As with any other Beta test, taking Trixie out under the stars revealed a few things that still need a little tweaking.

In particular, the altitude movement is garbage.

So, I spent a little time troubleshooting today. I carefully measured the rocker box and the bearings, and I found:

– the rocker box is about 1/8″ out of square. I am letting it go. That should be insignificant across 3/4″ plywood.
– The focuser-side bearing is non-vertical,
– The bearings are not angled the same amount (one bearing is rotated “clockwise” relative to the other)
– the bearings are “toe-out” (closer at the back than at the front), and
– the bearings, when parallel (I know, I’m skipping ahead, work with me), are 1/2″ wider than the rocker.

First things first.

If the bearings are off in rotation, no other measurements are really valid, so I fixed that first. The ring-side bearing looked like it was the worse offender as far as being attached incorrectly, so I moved that one.

Once I’d fixed that, I noticed that the ring-side bearing was touching a truss pole, so I filed away some wood from the bearing until it doesn’t touch the truss anymore, and voila! all of a sudden the bearings are parallel to each other, and the focuser-side bearing is vertical! w00t!

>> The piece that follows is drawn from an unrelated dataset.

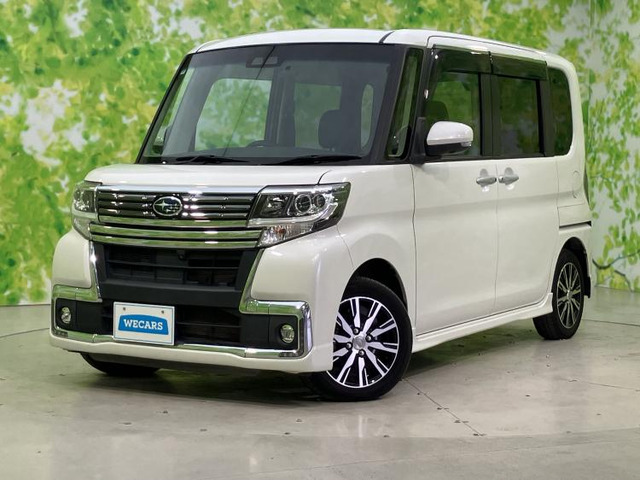 シフォンカスタム R スペシャル スマートアシスト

This was when I noticed the 1/2″ discrepancy (see, skipping ahead). Turns out I just simply cut the rocker box the wrong dimension. So, I had several choices on how to fix it:
1) move the rocker sides out by 1/4″ each. This would exacerbate already-bad balance problems between the rocker and ground board, and would look funny, and would be weaker than the current build. No thanks.
2) buy more wood and cut out a new rocker bottom. While this would work, it is really a gnarly and “done”-killing method. I may do this later, but not yet.
3) trim the bearing spacers. I can’t trim the non-focuser-side bearing spacer at all, as it’s barely doing the job of keeping the scope from scraping the side of the rocker. Trimming the focuser-side bearing spacer is doable, but I would have to do more modification of the bearing (as in, cut a huge chunk out of it). This was the second best idea.
4) add another layer of ply to the outside of the focuser side of the rocker box. That would give the focuser-side bearing somewhere to ride, and neatly solve the problem. Not to mention I already had chunks of wood with more or less the right arc cut into them sitting around. This is the method I chose. I looks ghetto as hell, but it works. At least enough to move on. 🙂

A little sawing, a little sanding, and now both bearings are riding in a section of wood more than large enough to handle them. Sweet!

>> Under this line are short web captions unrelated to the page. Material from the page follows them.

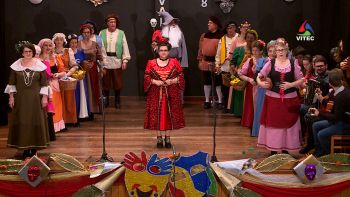 “Uma aldeia medieval” Bailinho Sénior da Agualva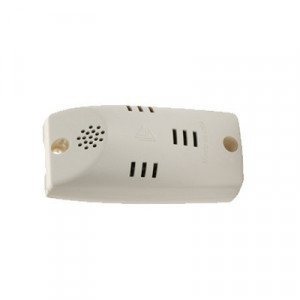 LOUROE ELECTRONICS VERIFACTK Microfono Louroe en caja para a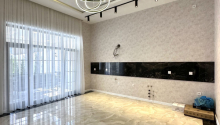 5 otaqlı Bağ evləri, Satış, Bakı, Xəzər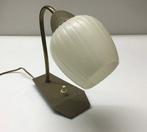 Mooi vintage wandlampje uit de jaren 50., Ophalen of Verzenden, Gebruikt, Metaal, Vintage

I didn’t get a lot of chance to test tonight; I had other stuff going on. But it feels like the Dob base is nearly complete.

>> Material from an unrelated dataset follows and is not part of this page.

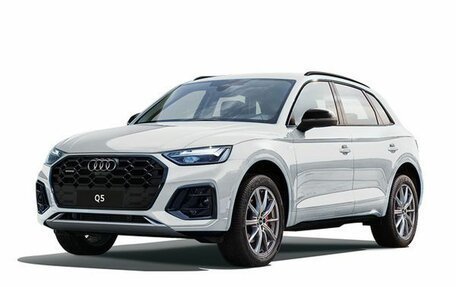 Audi Q5, 2025 год, 6 390 000 рублей, 1 фотография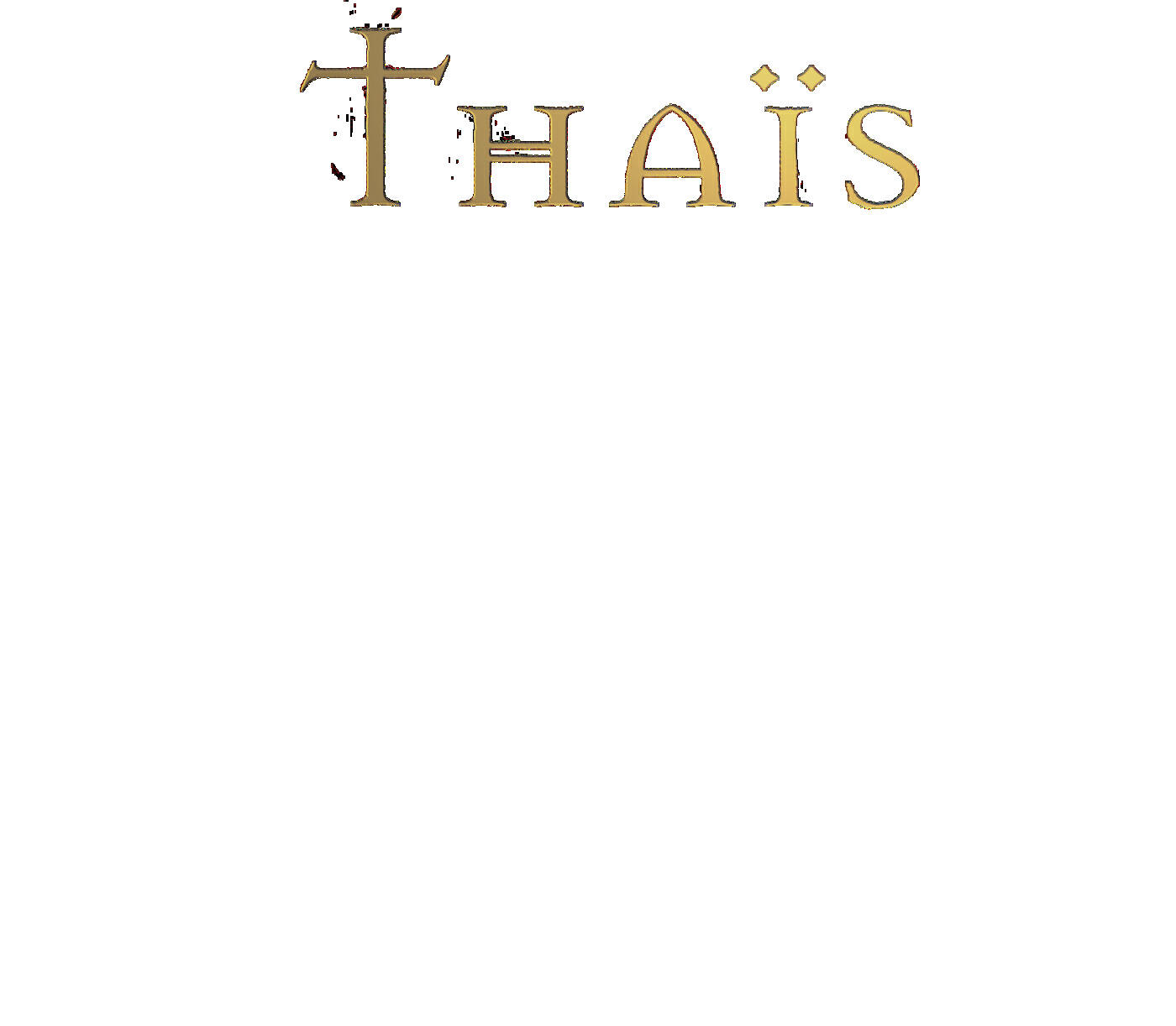 Renée Fleming - Massenet: Thaïs / Acte Deux - Eh bien, fais-moi connaître tou cet amour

I still have to put in the furniture slides on the altitude axis, and I am still thinking that I will probably put in “bearing keepers”, little chunks of wood that keep the scope from sliding left and right out of the altitude bearing seats in the rocker box. I have dozens of little chunks of wood lying around waiting for just such an occasion.

And I think, barring any unforeseen, that will be that. Once I get the whole scope up and running, it’s time to take everything apart and varnish.